Mn_{4}N is an antiperovskite superlattice with Pearson symbol cP5 and space group Fm3̅m, the same structure as an iron nitride homologue. The cell period is 0.3864 nm, and each nitrogen atom is very nearly at the center of the cell. Any defects present are believed to be of Frenkel type. It is the only truly ferromagnetic phase in the manganese-nitride system, with a Curie temperature around 470 °C. However, dissolved hydrogen in the compound is believed to slightly increase the Curie point. The compound metamorphosizes at 890 °C to the hexagonal close-packed Mn_{2}N phase.

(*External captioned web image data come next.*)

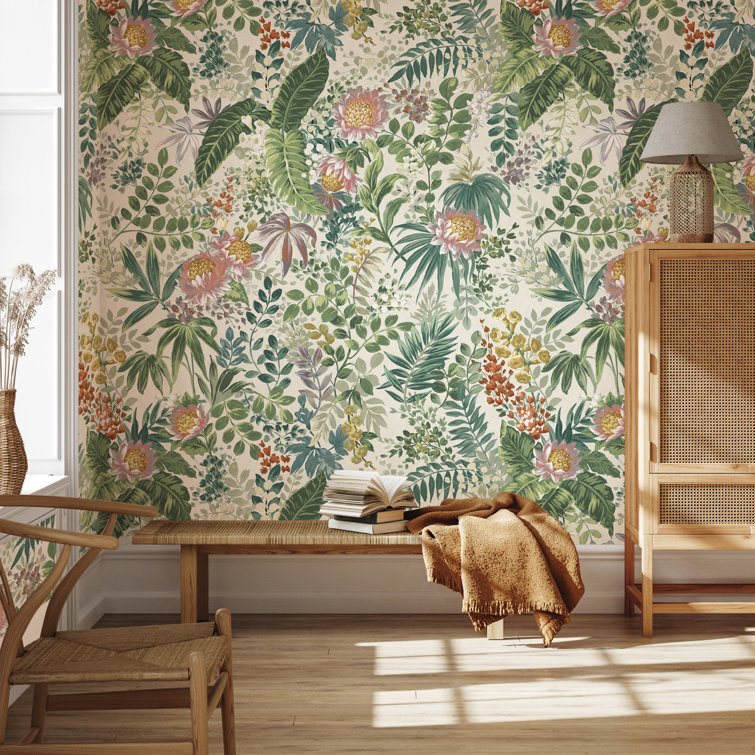 Beverly Floral 108" x 78" Peel and Stick Wall Mural in Fern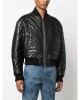 Vogue trendy stripe-quilted leather bomber jacket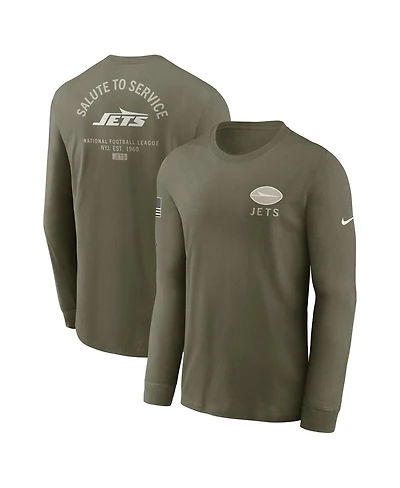 Nike Men's Olive New York Jets 2025 Salute to Service Sideline Long Sleeve T-Shirt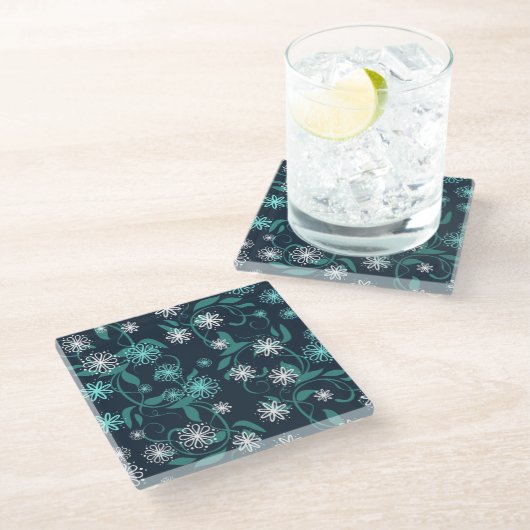 Teal Vine & White Floral Coaster ガラスコースター (アングル)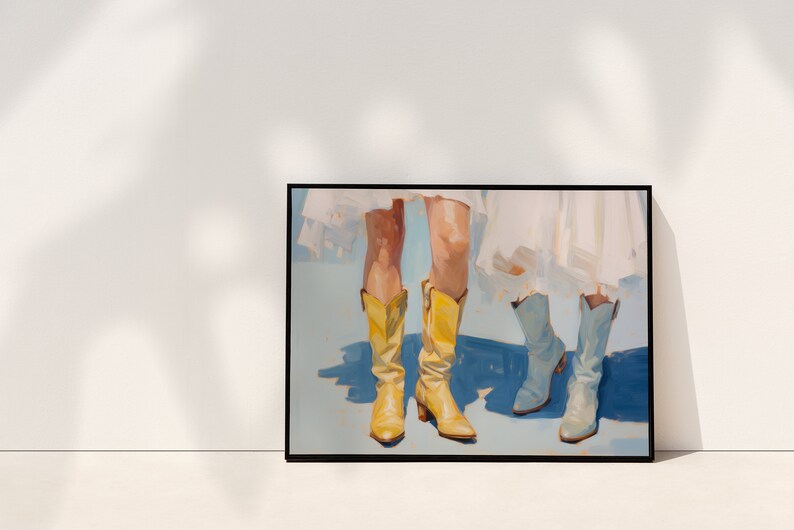 May include: A painting of two pairs of legs wearing cowboy boots. One pair of boots is yellow and the other pair is blue.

Despite the name, Mn_{2}N in fact exhibits substantial variation in its stable composition with temperature, and the formula Mn_{2}N is only accurate near room temperature. It becomes nitrogen-deficient when heated, with composition Mn_{5-6}N above 890 °C. These shifts in composition also correspond to a gradual change in the unit cell, such that the compound has various hexagonal unit cells at high temperatures. At its most nitrogen-rich (and coldest), though, the compound has an 0.5668×0.4909×4.537 nm^{3} orthorhombic unit cell with space group D. Pbna. It is isostructural with Mo_{2}C.

Mn_{3}N_{2} is face-centered tetragonal, with Pearson symbol tI6 and space group I4/mmm, analogous to thorium hydride. The unit cell has periods a = 0.42046 nm and c = 1.2131 nm, corresponding to three nearly-cubic unit cells stacked atop each other, but with substantial disorder corresponding to nitrogen vacancies. It is a metallic conductor and a Pauli antiferromagnet, with Néel temperature roughly 645 °C. Around 710 °C, it reversibly decomposes to Mn_{2}N, releasing the excess nitrogen as gas and consuming 25 kJ/mol enthalpy. Likewise, it decomposes in a 400 °C hydrogen atmosphere to a body-centered cubic alloy.

Mn_{6}N_{5-6} resembles CrN. It is face-centered tetragonal like Mn_{3}N_{2}, but lacks the vacancies that cause such a large fineness ratio in the latter. Instead Mn_{6}N_{5-6} is nearly cubic. When nitrogen-poor, it has lattice parameters a = 0.42 nm and c = 0.41 nm, but the unit cell dimensions vary substantially with nitrogen content and temperature, and the material becomes truly cubic at 400 °C. Consequently it exhibits substantial crystal twinning. Around 580 °C, it decomposes to Mn_{3}N_{2} and nitrogen gas, but requires a very high nitrogen vapor pressure (even at lower temperatures) to stabilize the phase. The decomposition is somewhat reversible, recovering Mn_{6}N_{5.18} upon cooling. Between 150 °C and 325 °C, it undergoes a magnetic phase transition, aligning moments along one symmetry axis; the Néel temperature is then 387 °C.

In principle, a hexagonal MnN monolayer should exhibit very strong spin polarization, thus behaving as a very strong ferromagnet.